Jason Grote's "1001" makes an entertaining, often witty case for the significance of the Arabian Nights tales -- and Arabia itself -- in the West's collective consciousness.
Jason Grote’s “1001” makes an entertaining, often witty case for the significance of the Arabian Nights tales — and Arabia itself — in the West’s collective consciousness. Its small ensemble impersonates a plethora of characters linked across time and space, and between fact and fiction, by their common humanity. This allusive, multicultural couscous of a play affords much pleasure in its West Coast premiere at the Theater @ Boston Court, though neither text nor production prove quite as rich or fulfilling as they promise to be.
Through tale weaver Scheherezade (Monica Jolly), Grote forthrightly asserts, “There is only one story… comprised of every word that has ever been or ever will be uttered.” As such, he readily finds room for visits by the likes of Osama bin Laden, mimicking Vincent Price’s “Thriller” narration before a chorus line of hip-hopping ghouls, and Jorge Luis Borges, whose playfully fantastical fictions set the standard for “1001’s” brand of scrambled narrative.
Tales spun for King Shahriyar (John Sloan) intriguingly begin to form a Chinese-box puzzle, each announced as fitting into the one before. At the same time — and rarely have those words been as applicable to a parallel plot — Jolly portrays Dahna, a Palestinian grad student in love with Jewish student Alan (Sloan again) but drawn into an Internet flirtation with a wealthy London-based Arab (the dashing Sam Younis).
The Arabian nights and New York daze gradually intersect in a double helix of incidents and imagery, not always lucid but generally engaging. (An endless subway tunnel monologue goes nowhere, but as one character cheerfully confesses, “I don’t understand much. I just go with it.”) Finally, a great cataclysm — not 9/11, but of course that date’s always in mind — takes us back to the mysterious opening image of a comatose patient and a reminder that one had better be careful what one wishes for, especially where genies are concerned.
Any meta-theatrical work like “1001” is disadvantaged in using a pickup cast of thesps, however capable, rather than a permanent ensemble.
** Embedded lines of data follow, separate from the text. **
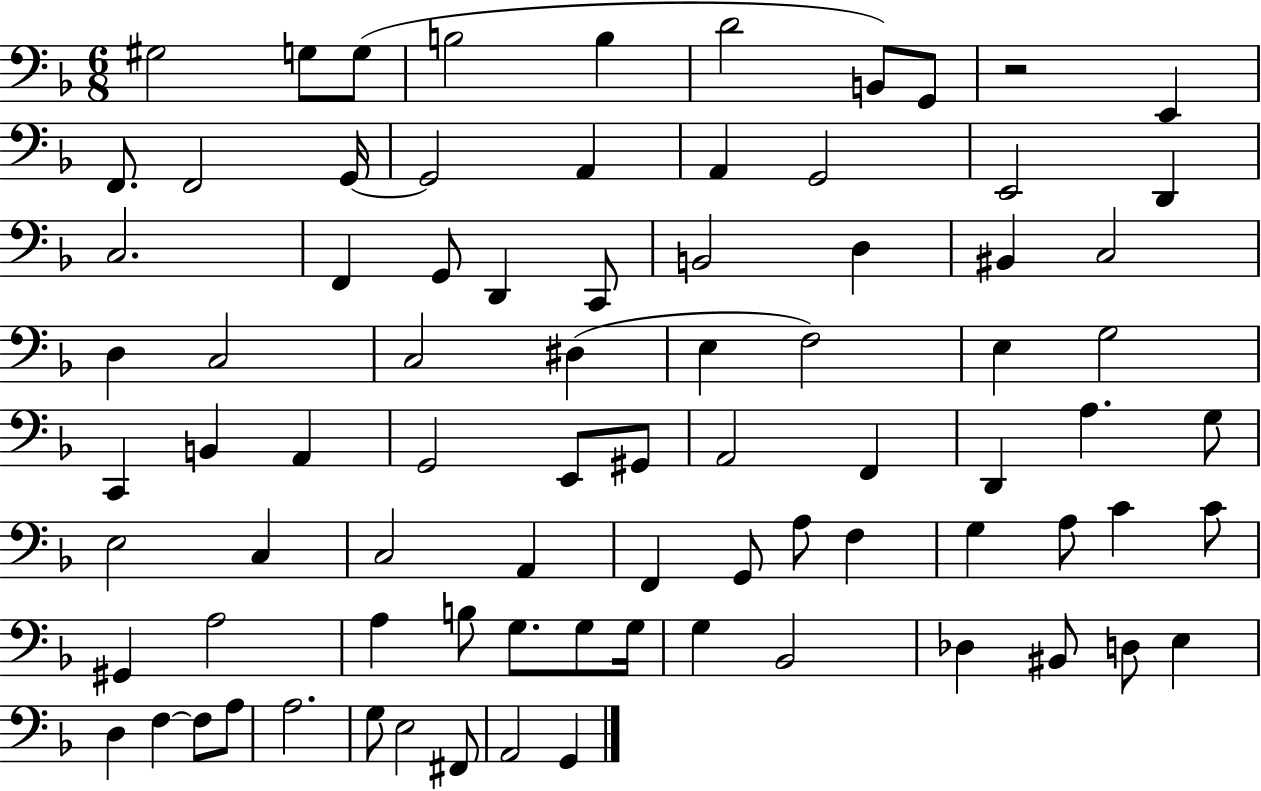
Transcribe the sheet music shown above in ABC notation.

X:1
T:Untitled
M:6/8
L:1/4
K:F
^G,2 G,/2 G,/2 B,2 B, D2 B,,/2 G,,/2 z2 E,, F,,/2 F,,2 G,,/4 G,,2 A,, A,, G,,2 E,,2 D,, C,2 F,, G,,/2 D,, C,,/2 B,,2 D, ^B,, C,2 D, C,2 C,2 ^D, E, F,2 E, G,2 C,, B,, A,, G,,2 E,,/2 ^G,,/2 A,,2 F,, D,, A, G,/2 E,2 C, C,2 A,, F,, G,,/2 A,/2 F, G, A,/2 C C/2 ^G,, A,2 A, B,/2 G,/2 G,/2 G,/4 G, _B,,2 _D, ^B,,/2 D,/2 E, D, F, F,/2 A,/2 A,2 G,/2 E,2 ^F,,/2 A,,2 G,, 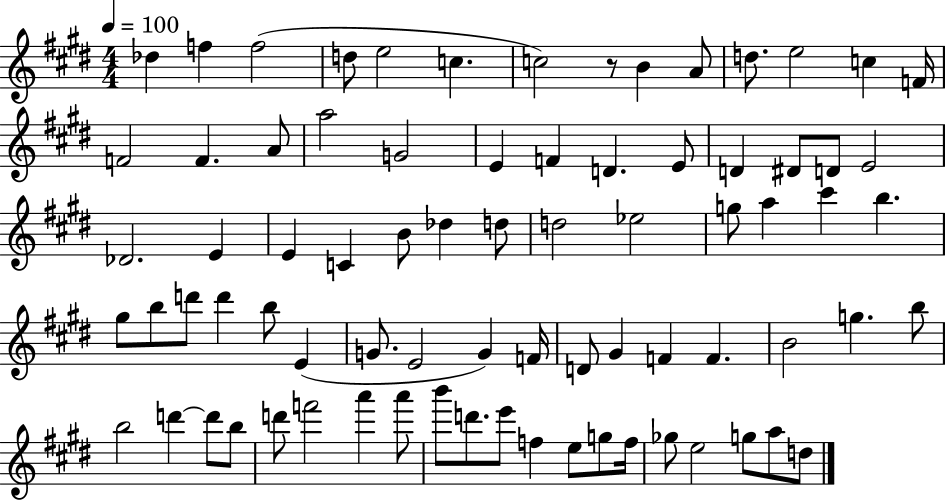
X:1
T:Untitled
M:4/4
L:1/4
K:E
_d f f2 d/2 e2 c c2 z/2 B A/2 d/2 e2 c F/4 F2 F A/2 a2 G2 E F D E/2 D ^D/2 D/2 E2 _D2 E E C B/2 _d d/2 d2 _e2 g/2 a ^c' b ^g/2 b/2 d'/2 d' b/2 E G/2 E2 G F/4 D/2 ^G F F B2 g b/2 b2 d' d'/2 b/2 d'/2 f'2 a' a'/2 b'/2 d'/2 e'/2 f e/2 g/2 f/4 _g/2 e2 g/2 a/2 d/2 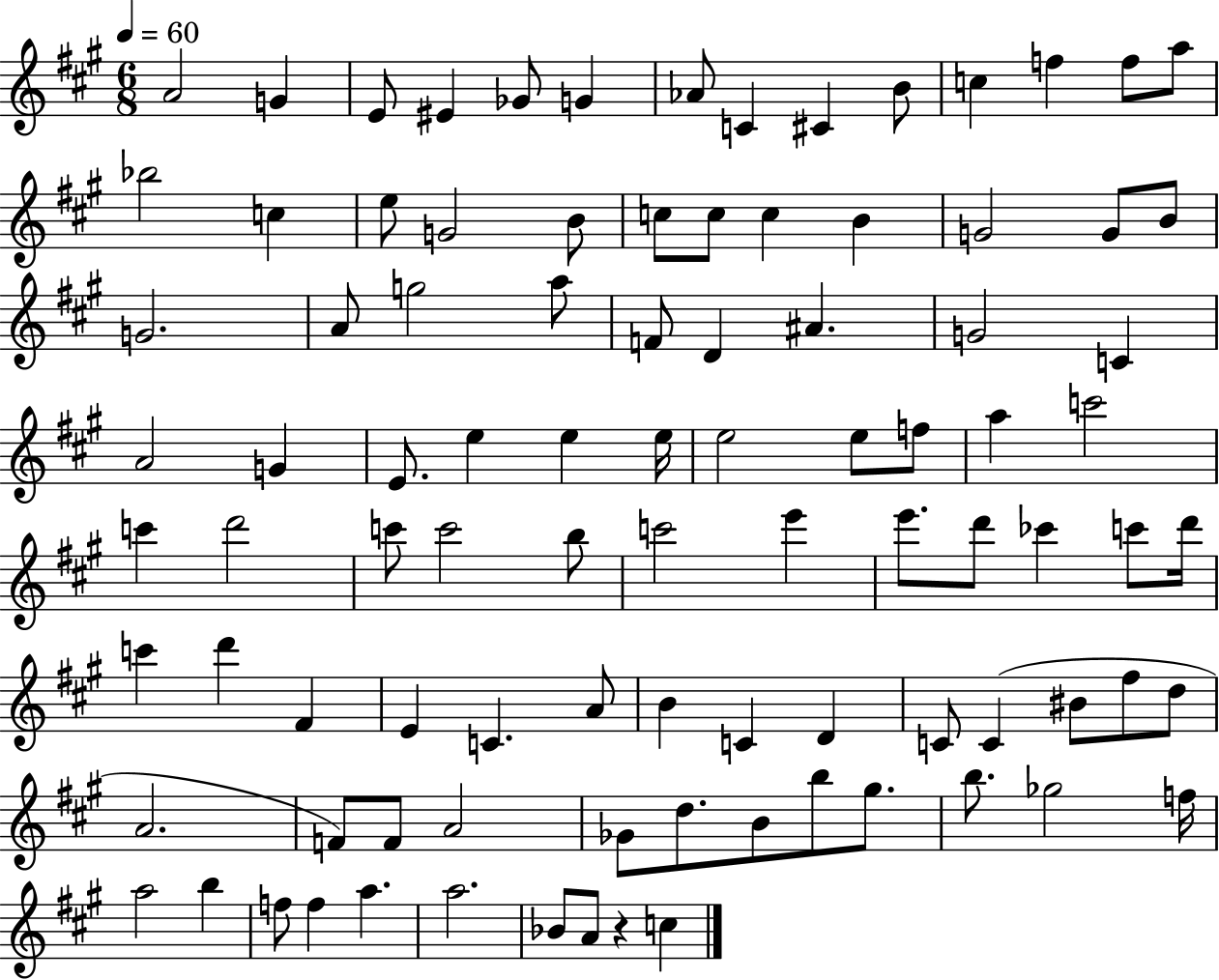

The game Boston Court team lacks the sinuous actor byplay produced after months of rehearsal time, their shape-shifting too often forced and plagued by mushy diction.
Sloan, for instance, is too earthbound in handling Shahriyar’s verbal tic meant to suggest partial entrapment in a time warp (“The shattering love of a Pringle, no, a King”; “I am genital gentile no! Gentle!”). The affectation becomes as wearisome as thesp’s Alan is touching. Cast is far more comfortable in modern dress generally, with only the estimable Jolly managing to inhabit both worlds with equal facility.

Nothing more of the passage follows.